I agree with you. I chose the 442 because it fit in my pocket better.


----------



## clanger (Jan 27, 2009)

:smt023


----------



## DanP_from_AZ (May 8, 2009)

Todd said:


> Is that based on actual shooting or marketing hype?





nailer said:


> Marketing hype. I bought an S&W 442 instead. It is lighter and smaller. It shoots well for its purpose, meaning close up. I don't know how well a woman will handle it though.

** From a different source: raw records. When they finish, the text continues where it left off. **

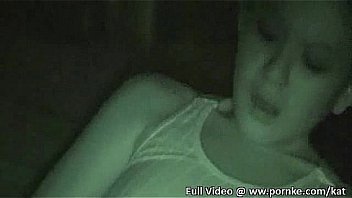 Kat playing with a huge vibrator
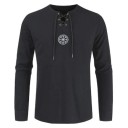 Herre-T-shirt med snørebånd 4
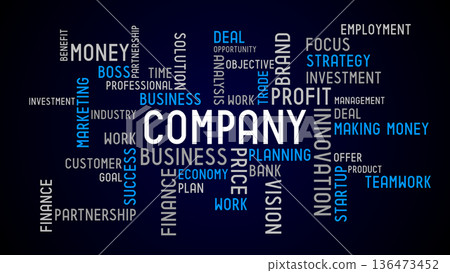 Company - typographic concept 136473452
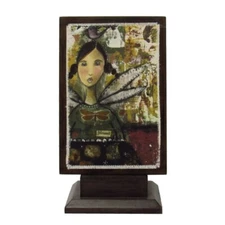 DEMDACO Kelly Rae Roberts 13141 BLESSED Plaque & Stand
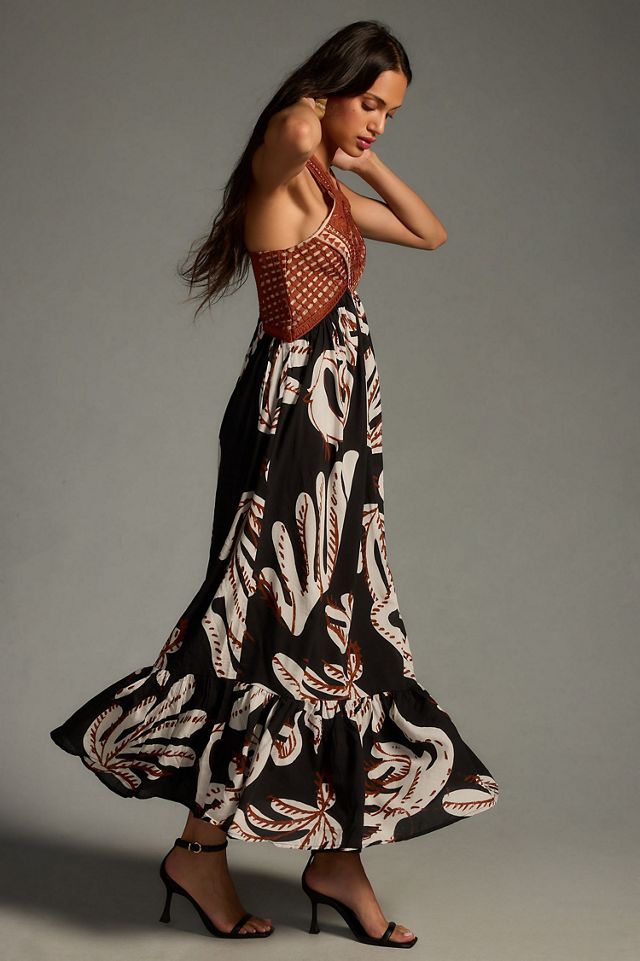 Deco Printed Halter Dress #3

I bought a 642 a few months ago for a CCW . A lady friend bought a LCR the next day for her CCW gun. Each was $400. Neither of us consulted the other before buying. But, we each fondled both guns (and other brands) in gun stores before buying. I put "short" CT LG-405 grips on mine for $219. She has not.

I don't think the 642 is lighter than the LCR ? It spec's 15 ounces to the LCR 13. Two ounces more. You have to go high $$$'s Scandium frame/Titanium cylinder to get a couple of ounces less than the LCR. For about $400 more than the 642 or LCR. I can't tell the weight difference in my hand when the 642 and the LCR are loaded with five rounds. Maybe others can. Two ounces different out of 15 ounces plus ammo is not a lot. Neither of us wanted a .357 at this weight/barrel length.

Different shapes ? A bit, for sure. Put them in my DeSantis "SuperFly" pocket holster, hard to tell.

I think it is a toss-up, mostly just personal preference. Some people don't like plastic. I like the LCR a lot, especially the trigger. But, I'm happy with my 642. It does amazingly accurate "sandbag groups" at 7 yards. That is compliments of the laser sight versus the front ramp/rear notch with 66 year-old eyes. Target stuff, not self-defense.

I haven't tried the LCR for sandbag accuracy. Both guns will do 7 yards "vital organ body hits" on paper just as fast as I can fire them, just like as intended. But, I had to practice.

But, if I had the chance to fire them "before" as much as I have now, I'd go with the LCR with CT grips.
My lady friend loves her LCR. Doesn't like my 642 so much, especially not its trigger pull.

Call all those opinions above "hype" if you will. I've never had any Ruger or S&W guns before.
And, I've never had any double-action revolvers before either.
So, I have no dog in this hunt. Just trying to learn "something new to me". :smt023


----------